I submit that the proper basis on which we should evaluate the Court’s performance in this term and in the future is not whether it reaches “conservative” or “liberal” results in constitutional cases, but whether it reaches results that are faithful to the Constitution as written and understood at the time of its adoption. Likewise, the test for presidential candidates on the judiciary should be whether they can be trusted to nominate Justices who will follow our written Constitution.
The belief that judges and Justices should decide constitutional cases on this basis is known in academic circles as “originalism.” This approach may seem so obvious that it should hardly need a name, let alone a defense.

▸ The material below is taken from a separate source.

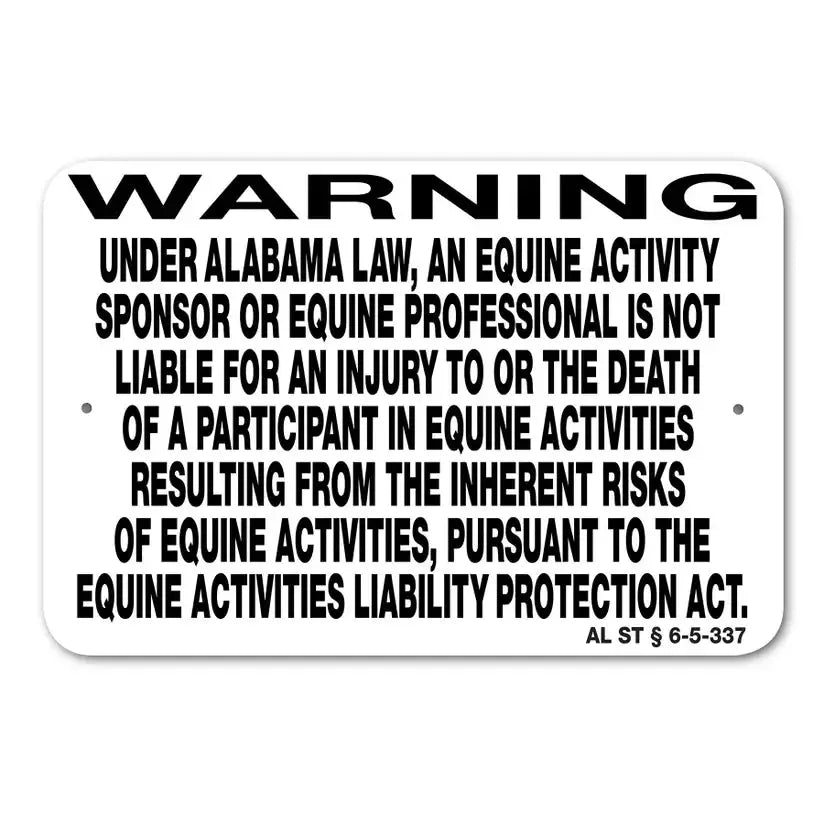 Equine Liability Signs A - G The Epic Animal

Nevertheless, analysis of whether this was or was not what the Justices did was strikingly absent from most of the discussion about the Court’s last term. Indeed, the possibility that judges and Justices can even decide cases on the basis of the Constitution as written is the view only of a small, though growing, minority in the legal academy. Originalism is often dismissed as either hopelessly naïve or as cynical obfuscation.
Here are a few reasons why, notwithstanding academic skepticism, and the desire for the Court to reach outcomes that the Constitution will not support, we all ought to hope that the Roberts Court and the Justices appointed by the next president will be originalists.

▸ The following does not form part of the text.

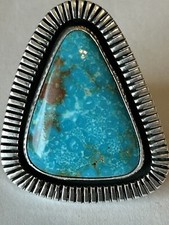 Signed Navajo Sterling Silver Kingman Turquoise Ring Size 8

For starters, the long-accepted rule for interpreting legal texts is to construe them to have the original public meaning that they had when they were enacted into law. This is the way we interpret statutes, contracts, wills and even old Supreme Court opinions.
No leftist ever says of Roe v. Wade: Let’s let President Bush’s lower court judges construe that opinion in light of the “evolving standards of decency that mark the progress of a maturing society.” Leftists and indeed all non-originalists would be utterly outraged if this were to happen.

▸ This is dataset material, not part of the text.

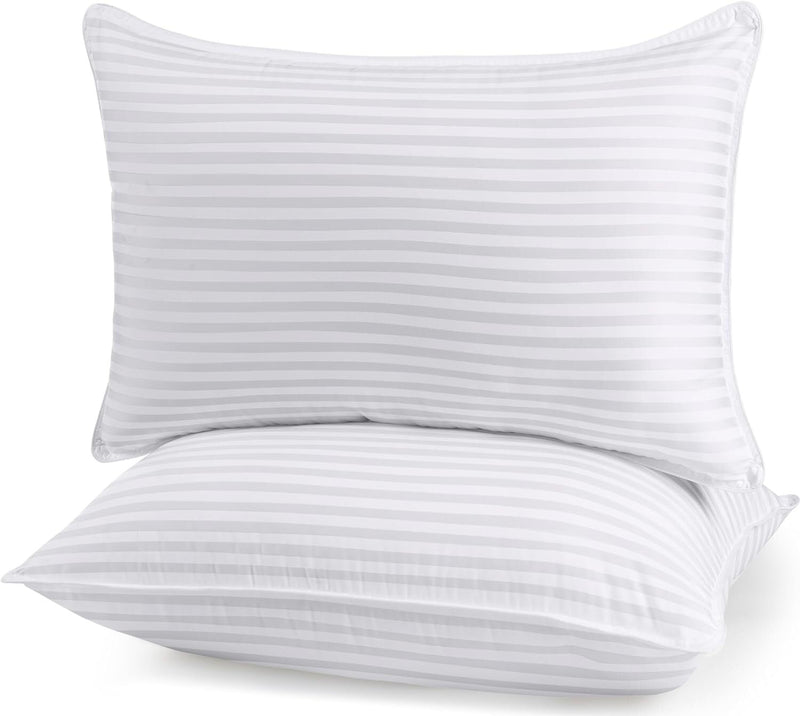 1x Premium 100% Cotton Pillow with Cover Filled Durable Soft Standard - 48x74cm Payday Deals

In fact, much of the complaining by the left about the Supreme Court’s decision last spring to uphold the federal partial birth abortion statute was that it was not a faithful effort to apply the Court’s abortion precedents as they had previously been understood. Many on the left claimed this was a profound threat to the rule of law.
There is no good reason, however, to think that the rule of law requires us to follow newly-minted Supreme Court precedent but not the Constitution. To the contrary, it is crystal clear that there will be many times when the exact opposite is the case.
The Court’s own power to decide constitutional questions derives only from the Constitution’s status, together with treaties and federal statutes, as “the supreme law of the land.” The Constitution’s character as law makes it binding on the courts of law, including the Supreme Court. This is what empowers those courts to decide what the Constitution means.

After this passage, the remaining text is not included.